The combination of these properties allows GSuite files to be seamlessly exchanged between individual tools in an analysis workflow, as illustrated in Figure 4.2. In particular, the GSuite format has been designed to provide the following features:
Track search output. Tools and services for discovery of track files can provide a novel GSuite file as a response to a search query. Such a GSuite file would then typically contain URIs to original, remotely stored datasets, as well as related metadata. In the GSuite HyperBrowser, we implemented a first prototype of a track search tool based on metadata manually integrated from several data portals. However, the solution was not scalable due to the lack of a uniform metadata schema, which prompted the idea of a FAIRtracks metadata standard and the TrackFind service. A track search tool which works as a client towards the TrackFind REST API and exports GSuite files is now implemented in the GSuite HyperBrowser as part of the FAIRtracks project.
Manipulation of GSuite files. Since a GSuite file is a simple tabular file, further fine-tuning of a track collection can easily be carried out, such as filtering, splitting, joining, modification of metadata, etc.
Deferred download of track data. Since a GSuite file can refer to both remotely and locally located data files, one can easily defer the actual download of the data files until the track collections have been properly fine-tuned. A tool that downloads data referred to by a GSuite file can then iterate through the URIs, download each referred file, and replace the URIs with paths to the locally stored files. Similarly, the GSuite format allows for deferred preprocessing of data files into a binary format, such as BTrack, for tools that require this.
Galaxy integration. The GSuite format is supported in the GSuite HyperBrowser fork of Galaxy. We are working on adding support for GSuite in "vanilla" Galaxy instances. As part of the EOSC EuroScienceGateway project, we will also investigate whether GSuite can be integrated with RO-Crate as a general solution to maintaining metadata alongside datasets in Galaxy.
A unified data model for biomolecular sequences, features, alignments, references
BioXSD is a data model defining exchange formats for basic bioinformatics types of data: sequences, alignments, feature records with associated data and metadata. BioXSD aimed to serve as a common, canonical tree-structured format (XML, JSON, YAML, binary) for the basic bioinformatics data, filling the gap between more specialised tree-structured formats.

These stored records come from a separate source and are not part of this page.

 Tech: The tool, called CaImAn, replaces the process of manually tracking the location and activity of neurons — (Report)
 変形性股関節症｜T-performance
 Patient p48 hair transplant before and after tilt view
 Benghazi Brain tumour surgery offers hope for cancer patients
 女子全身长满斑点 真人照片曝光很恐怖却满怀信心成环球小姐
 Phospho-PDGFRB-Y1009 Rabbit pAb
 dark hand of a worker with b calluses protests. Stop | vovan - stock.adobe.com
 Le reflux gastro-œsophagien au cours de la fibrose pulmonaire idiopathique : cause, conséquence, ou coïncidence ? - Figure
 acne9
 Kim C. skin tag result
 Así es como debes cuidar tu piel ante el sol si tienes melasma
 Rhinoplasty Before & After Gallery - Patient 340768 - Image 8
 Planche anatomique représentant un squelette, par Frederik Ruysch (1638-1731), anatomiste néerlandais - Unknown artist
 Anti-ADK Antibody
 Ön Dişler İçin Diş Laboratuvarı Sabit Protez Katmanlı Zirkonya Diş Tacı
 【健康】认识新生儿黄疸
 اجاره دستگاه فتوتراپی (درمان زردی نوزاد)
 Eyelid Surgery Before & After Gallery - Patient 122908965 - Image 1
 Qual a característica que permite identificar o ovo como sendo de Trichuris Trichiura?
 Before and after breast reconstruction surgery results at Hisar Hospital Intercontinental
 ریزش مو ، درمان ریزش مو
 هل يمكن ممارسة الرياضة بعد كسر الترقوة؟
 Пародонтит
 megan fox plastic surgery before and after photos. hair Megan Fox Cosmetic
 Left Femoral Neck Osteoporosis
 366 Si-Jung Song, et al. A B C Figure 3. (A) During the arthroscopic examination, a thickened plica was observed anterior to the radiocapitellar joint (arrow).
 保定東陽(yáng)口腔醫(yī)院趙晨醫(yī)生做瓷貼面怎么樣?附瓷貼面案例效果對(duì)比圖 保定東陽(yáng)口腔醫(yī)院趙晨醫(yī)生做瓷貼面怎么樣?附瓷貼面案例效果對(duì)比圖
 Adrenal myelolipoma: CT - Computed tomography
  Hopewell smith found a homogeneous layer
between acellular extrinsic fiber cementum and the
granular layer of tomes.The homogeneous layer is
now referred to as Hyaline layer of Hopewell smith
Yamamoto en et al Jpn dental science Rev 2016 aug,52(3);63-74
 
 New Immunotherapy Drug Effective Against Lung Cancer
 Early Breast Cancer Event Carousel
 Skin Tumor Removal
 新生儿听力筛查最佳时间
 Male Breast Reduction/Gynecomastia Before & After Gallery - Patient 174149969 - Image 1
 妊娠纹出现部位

For Web Services. BioXSD is a rich but not too complicated data model and exchange format, aiming to enable deployment of globally and smoothly interoperable bioinformatics tools on the World Wide Web of Services. Tools can produce and consume BioXSD directly, or BioXSD can be used as an intermediate canonical format, rich enough to enable conversions among diverse formats. Using common exchange format enables smooth integration of compatible tools into analysis workflows.
Track types. BioXSD v1.1 added support for Track types as a tree-based alternative to GTrack, as illustrated in Figure 5.1.
Retirement. BioXSD was originally built as an XML schema, but support for other data-serialisation languages such as JSON, YAML is possible. In 2020 it was decided to retire the BioXSD format as part of the national services delivered by ELIXIR Norway. This was due to the decline of XML as a popular interchange format. Also, the bioinformatics community had not (yet) identified a need to define standardized JSON/YAML formats for sequence and annotation data, such as BioJSON / BioYAML. The data model can be resurrected in the future, if the need arises.